-- Data records follows --

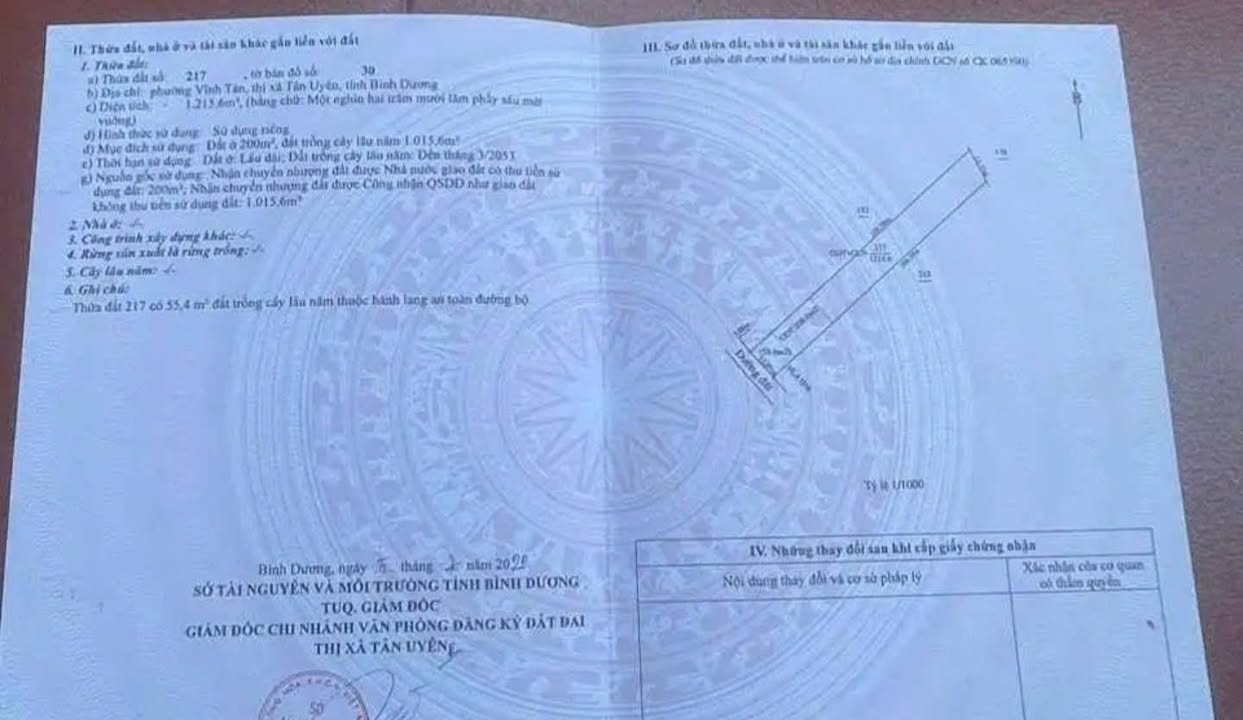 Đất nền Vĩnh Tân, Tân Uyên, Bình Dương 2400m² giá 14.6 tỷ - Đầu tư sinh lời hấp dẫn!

-- Data records concluded --
-- Data records follows --

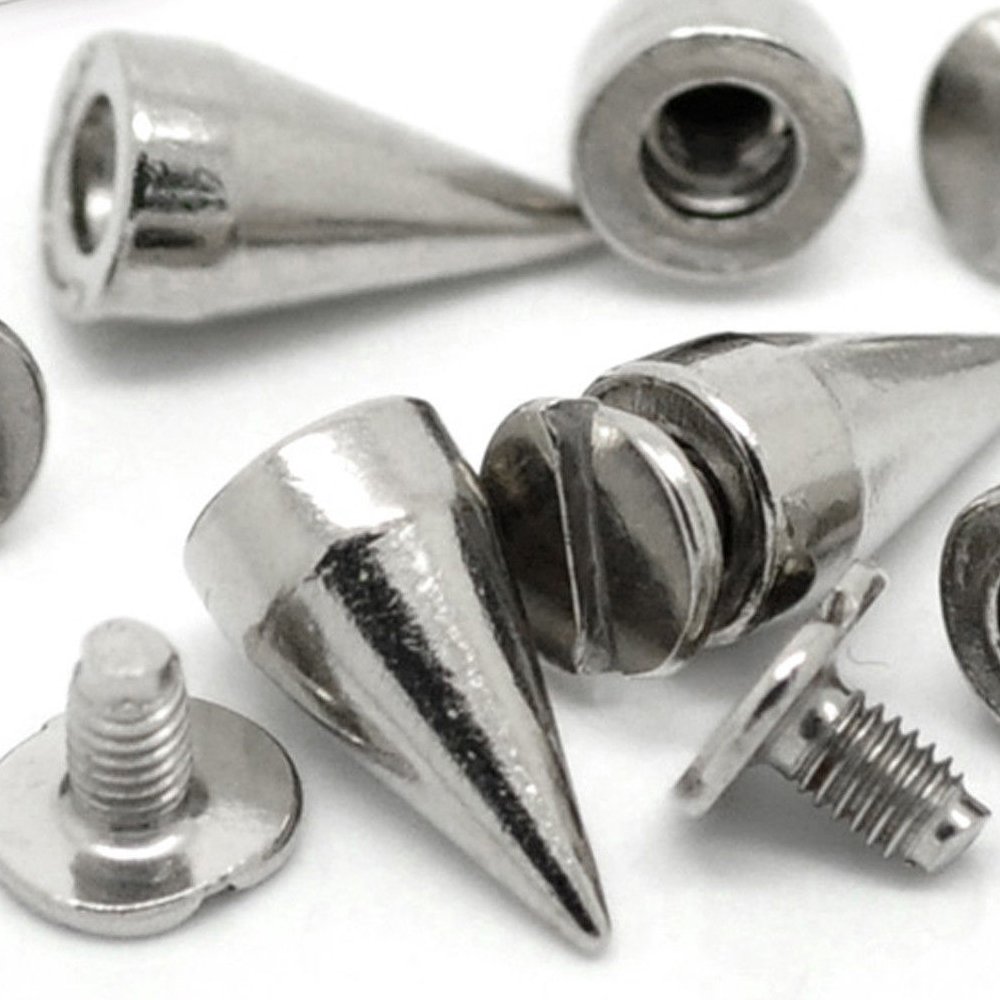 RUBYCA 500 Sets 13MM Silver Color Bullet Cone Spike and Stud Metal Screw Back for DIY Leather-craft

-- Data records concluded --
-- Data records follows --

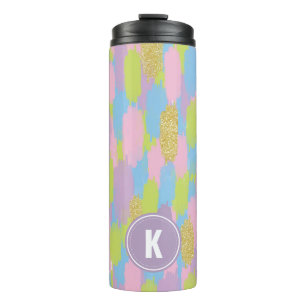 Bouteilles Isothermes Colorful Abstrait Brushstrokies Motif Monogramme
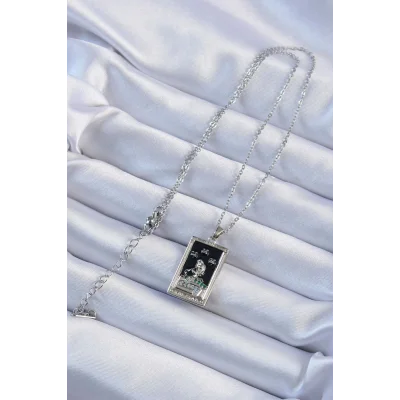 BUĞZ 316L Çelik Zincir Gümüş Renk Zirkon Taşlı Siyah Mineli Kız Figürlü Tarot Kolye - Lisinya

-- Data records concluded --

**Prompt:** Copy out the lines above from the line containing "Bouteilles Isothermes Colorful" through the line containing "BUĞZ 316L Çelik", exactly, and keep the pictures out.

**Solution to this problem:**
 Bouteilles Isothermes Colorful Abstrait Brushstrokies Motif Monogramme
 BUĞZ 316L Çelik Zincir Gümüş Renk Zirkon Taşlı Siyah Mineli Kız Figürlü Tarot Kolye - Lisinya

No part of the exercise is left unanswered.